Collected material START
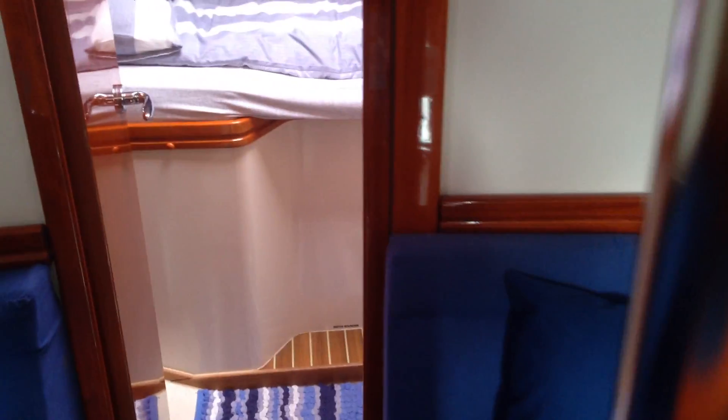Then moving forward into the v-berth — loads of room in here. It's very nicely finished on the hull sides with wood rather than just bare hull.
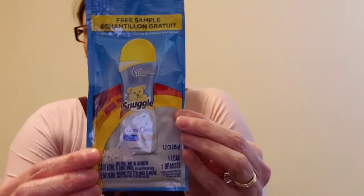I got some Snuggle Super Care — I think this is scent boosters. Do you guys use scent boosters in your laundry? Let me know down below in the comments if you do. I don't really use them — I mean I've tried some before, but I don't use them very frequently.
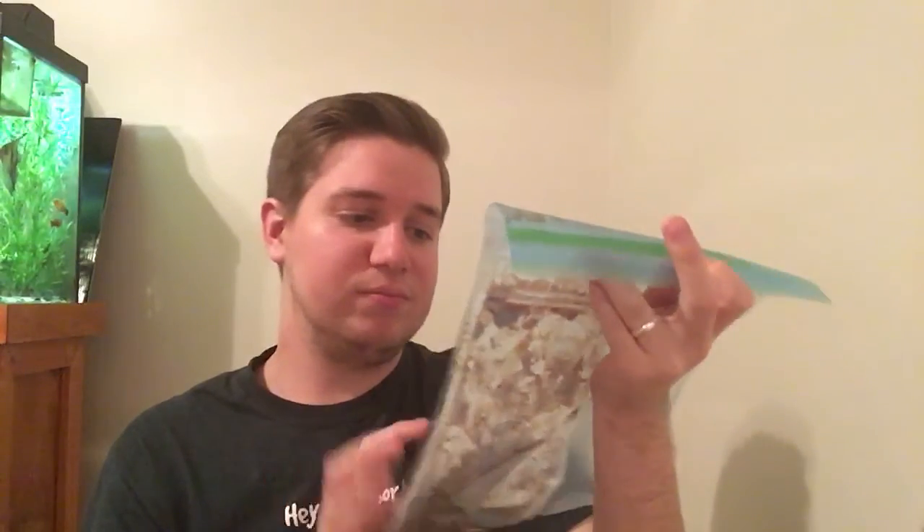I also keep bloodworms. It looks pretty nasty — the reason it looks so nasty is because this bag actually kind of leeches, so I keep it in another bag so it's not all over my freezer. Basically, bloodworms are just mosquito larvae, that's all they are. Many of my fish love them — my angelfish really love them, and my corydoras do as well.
Collected material END
Work order »
All of the data above must be printed exactly, minus its pictures.

Response to the task »
Then moving forward into the v-berth — loads of room in here. It's very nicely finished on the hull sides with wood rather than just bare hull.
I got some Snuggle Super Care — I think this is scent boosters. Do you guys use scent boosters in your laundry? Let me know down below in the comments if you do. I don't really use them — I mean I've tried some before, but I don't use them very frequently.
I also keep bloodworms. It looks pretty nasty — the reason it looks so nasty is because this bag actually kind of leeches, so I keep it in another bag so it's not all over my freezer. Basically, bloodworms are just mosquito larvae, that's all they are. Many of my fish love them — my angelfish really love them, and my corydoras do as well.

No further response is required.